• Collected material
※

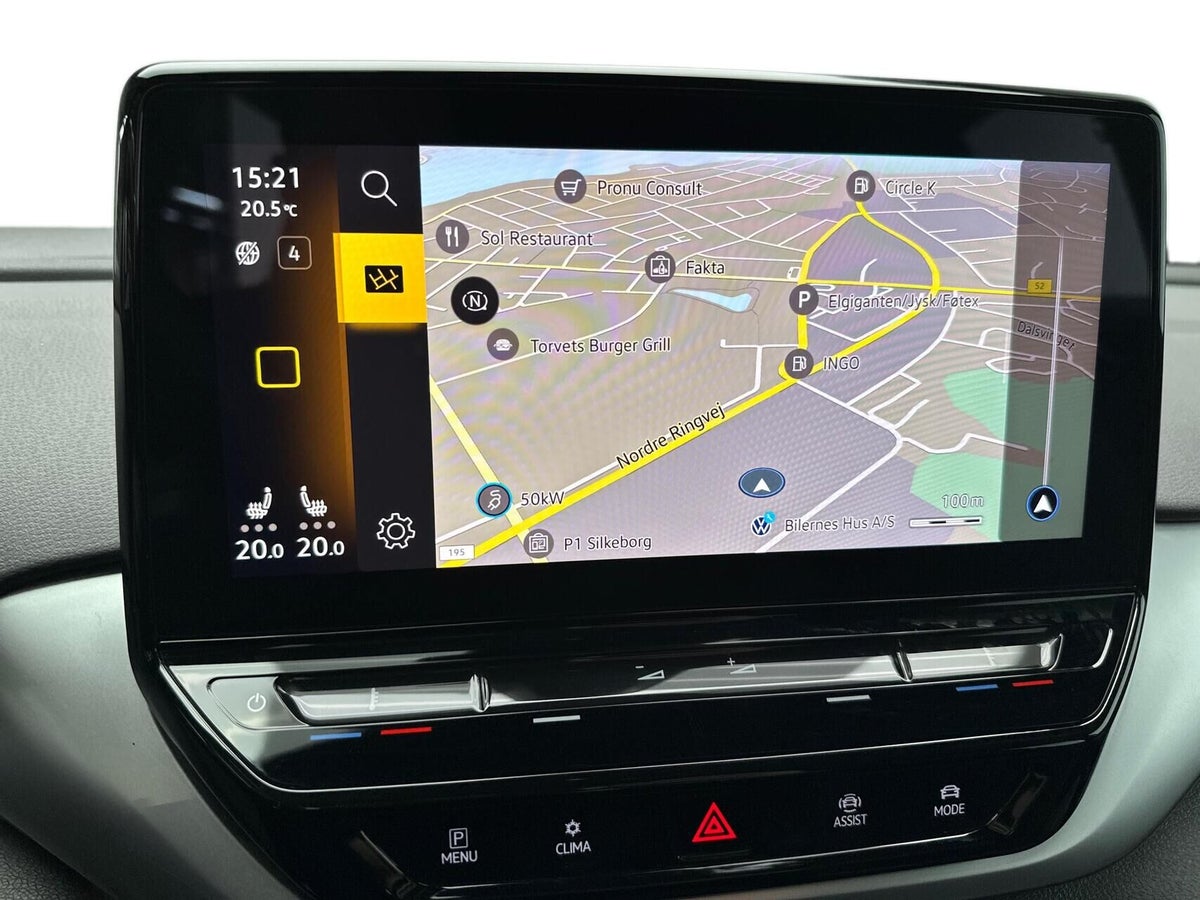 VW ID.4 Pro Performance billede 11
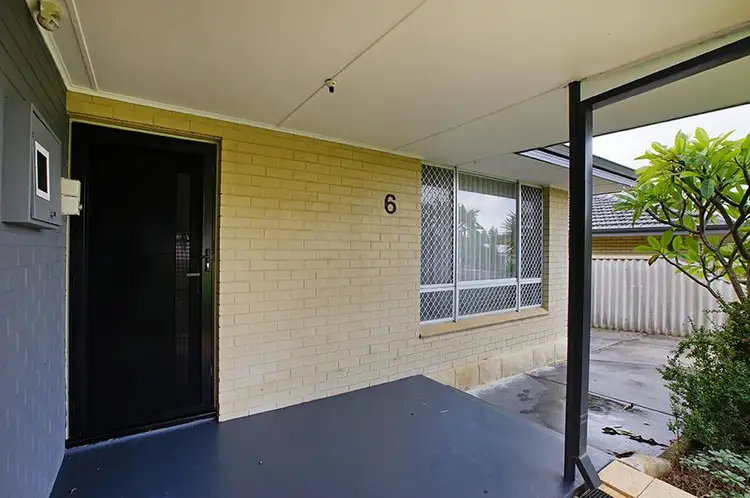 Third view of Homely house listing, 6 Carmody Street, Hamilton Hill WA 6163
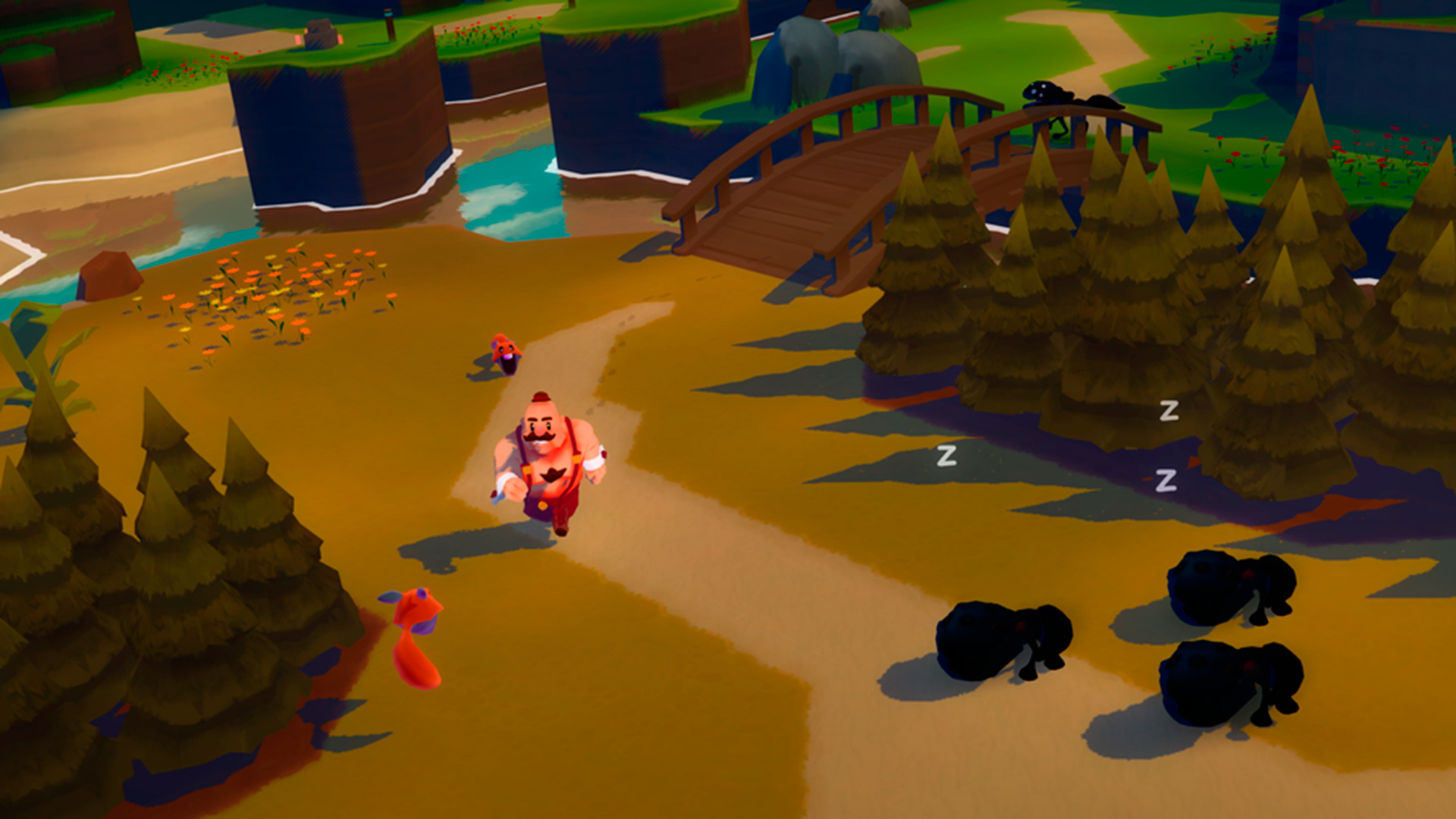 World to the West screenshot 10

※

• What to do
Retype the data exactly; images stay out.

• Written solution
 VW ID.4 Pro Performance billede 11
 Third view of Homely house listing, 6 Carmody Street, Hamilton Hill WA 6163
 World to the West screenshot 10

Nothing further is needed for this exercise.